▶ **Exercise prompt**: In the material below, pictures must be dropped. Repeat exactly, and only, the lines from the line with "Woman with headphones" to the line with "Young boy in", both ends included.

▶ **Records for the exercise**:

- Opening Delimiter -

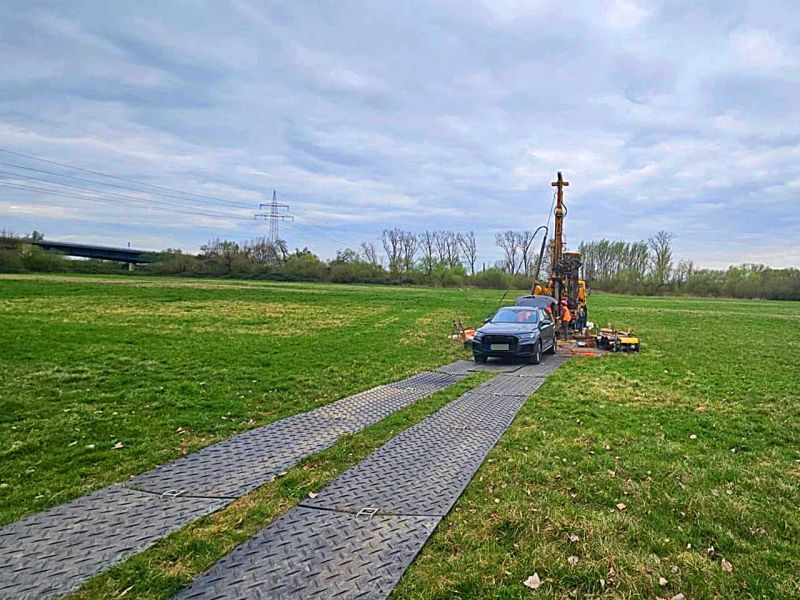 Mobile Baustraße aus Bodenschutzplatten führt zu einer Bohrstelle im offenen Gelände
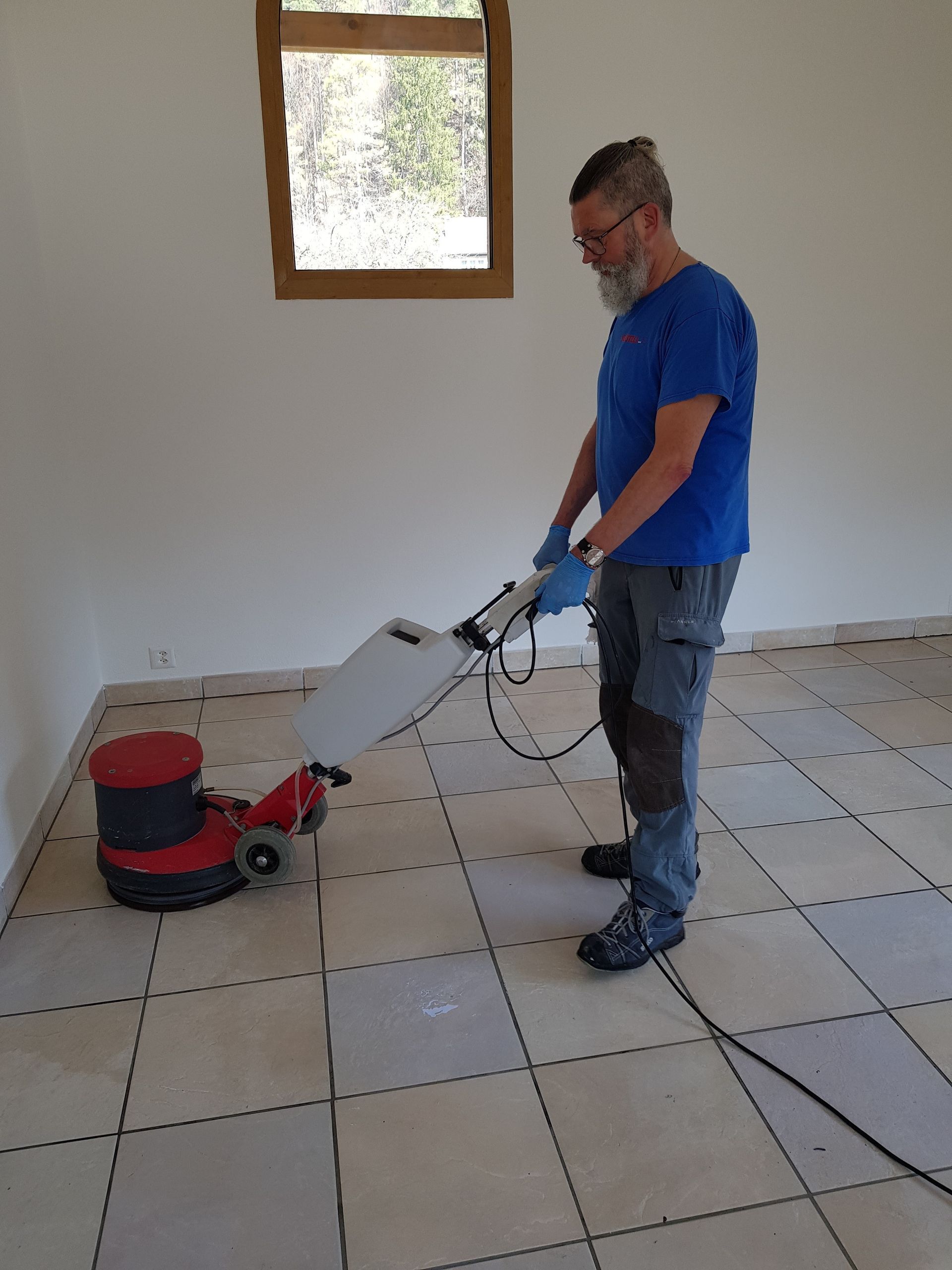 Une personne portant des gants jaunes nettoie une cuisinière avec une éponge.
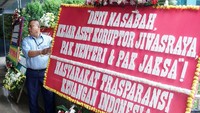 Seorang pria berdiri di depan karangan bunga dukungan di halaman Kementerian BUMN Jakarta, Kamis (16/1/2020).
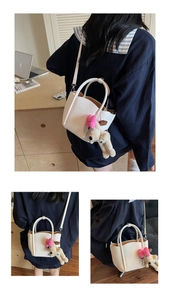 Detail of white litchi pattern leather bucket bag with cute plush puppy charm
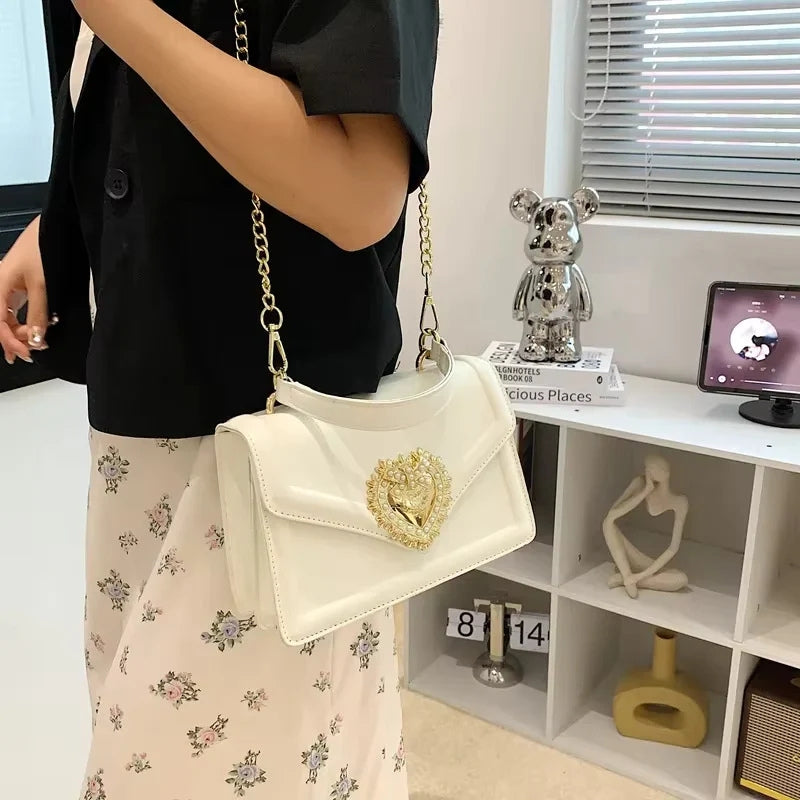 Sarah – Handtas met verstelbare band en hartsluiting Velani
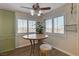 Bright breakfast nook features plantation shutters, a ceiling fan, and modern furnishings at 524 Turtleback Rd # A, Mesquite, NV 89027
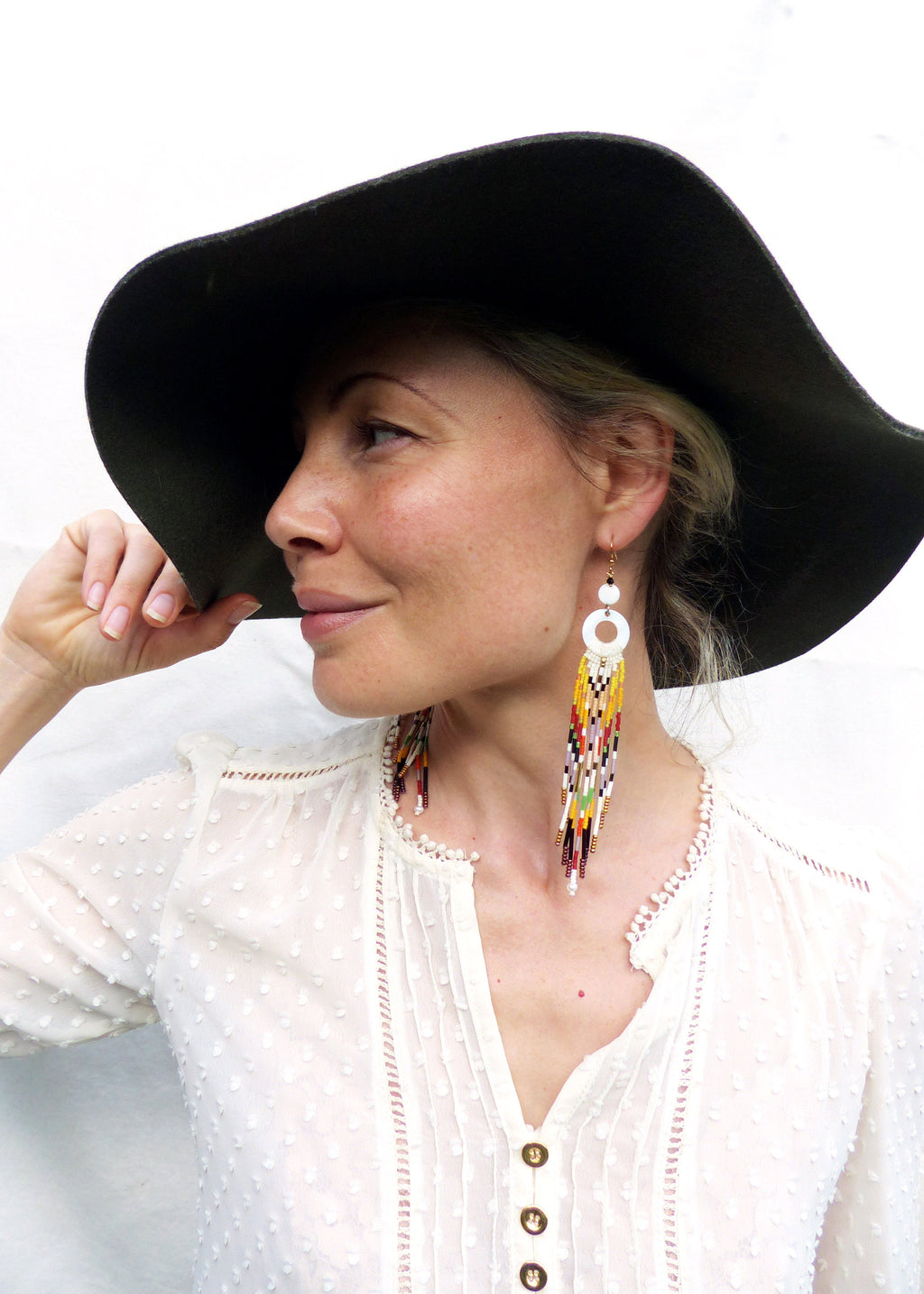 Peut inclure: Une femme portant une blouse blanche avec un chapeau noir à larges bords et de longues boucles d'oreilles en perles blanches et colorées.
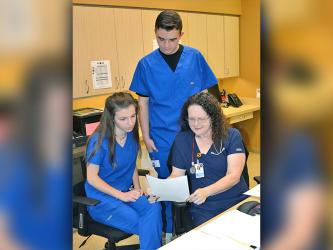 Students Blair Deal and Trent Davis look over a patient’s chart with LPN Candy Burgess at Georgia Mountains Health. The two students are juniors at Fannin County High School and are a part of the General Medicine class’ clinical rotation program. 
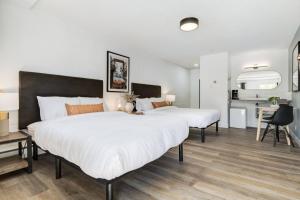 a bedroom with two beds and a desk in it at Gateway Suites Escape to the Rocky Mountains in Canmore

- Closing Delimiter -
- Opening Delimiter -

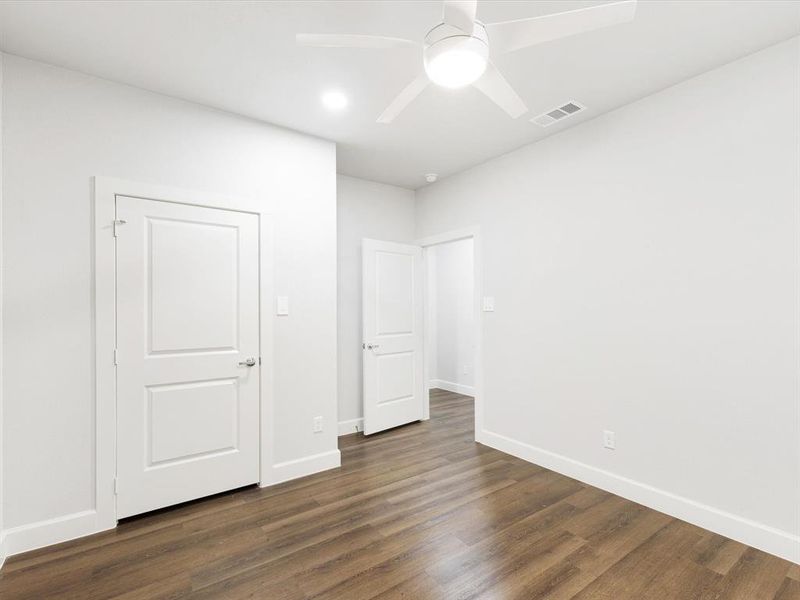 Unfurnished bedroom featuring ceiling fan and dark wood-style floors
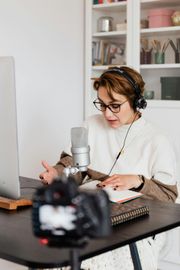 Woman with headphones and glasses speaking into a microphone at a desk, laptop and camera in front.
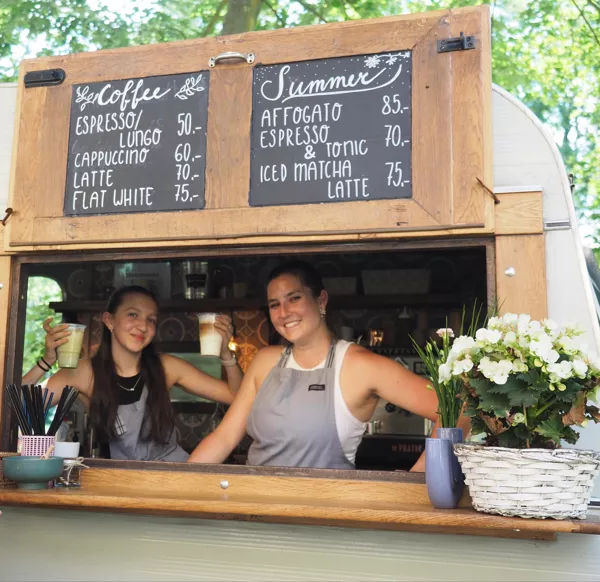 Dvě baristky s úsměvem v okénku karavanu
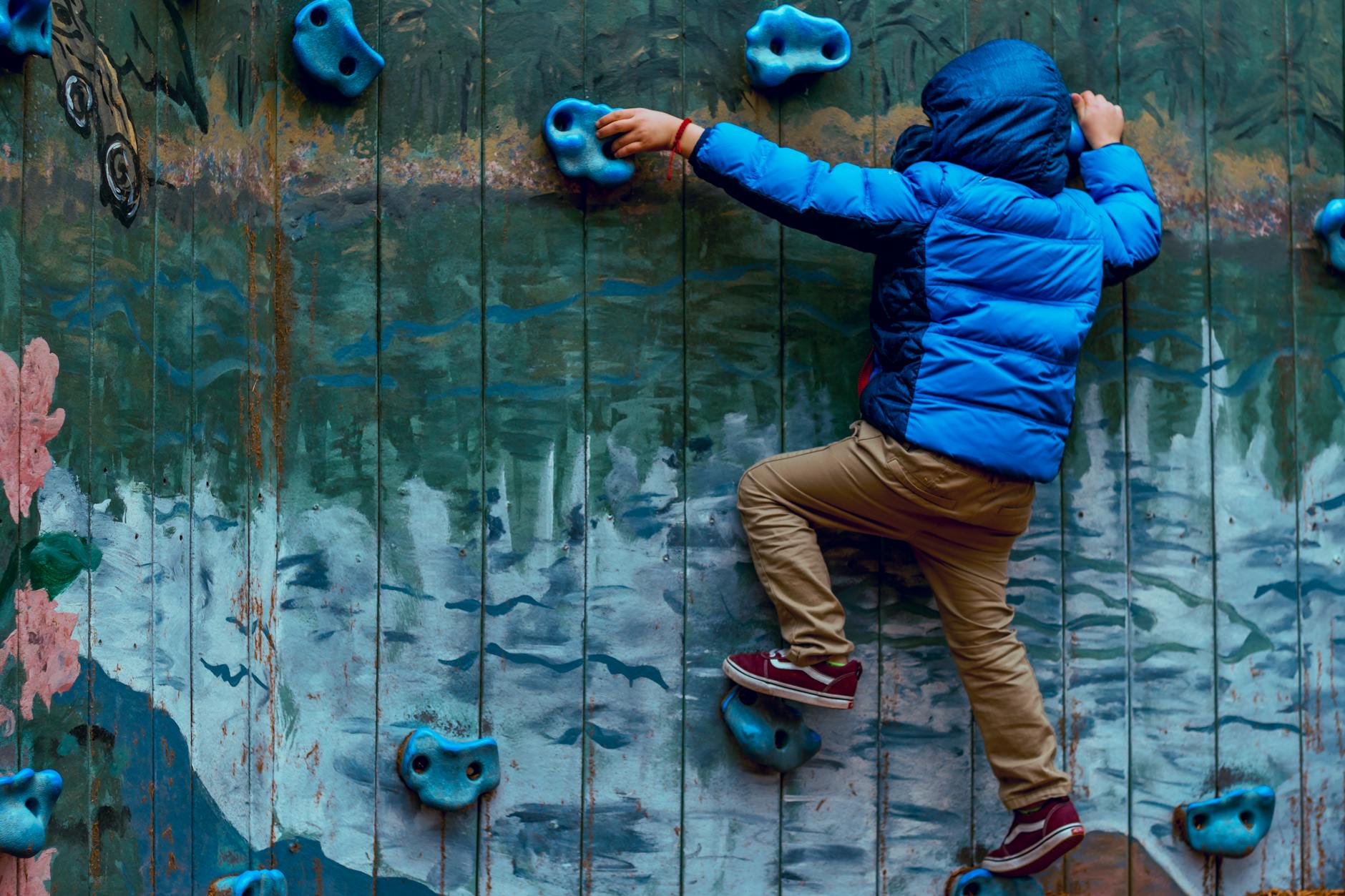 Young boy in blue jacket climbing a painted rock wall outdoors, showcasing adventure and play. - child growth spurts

- Closing Delimiter -

▶ **Expected answer**:
 Woman with headphones and glasses speaking into a microphone at a desk, laptop and camera in front.
 Dvě baristky s úsměvem v okénku karavanu
 Young boy in blue jacket climbing a painted rock wall outdoors, showcasing adventure and play. - child growth spurts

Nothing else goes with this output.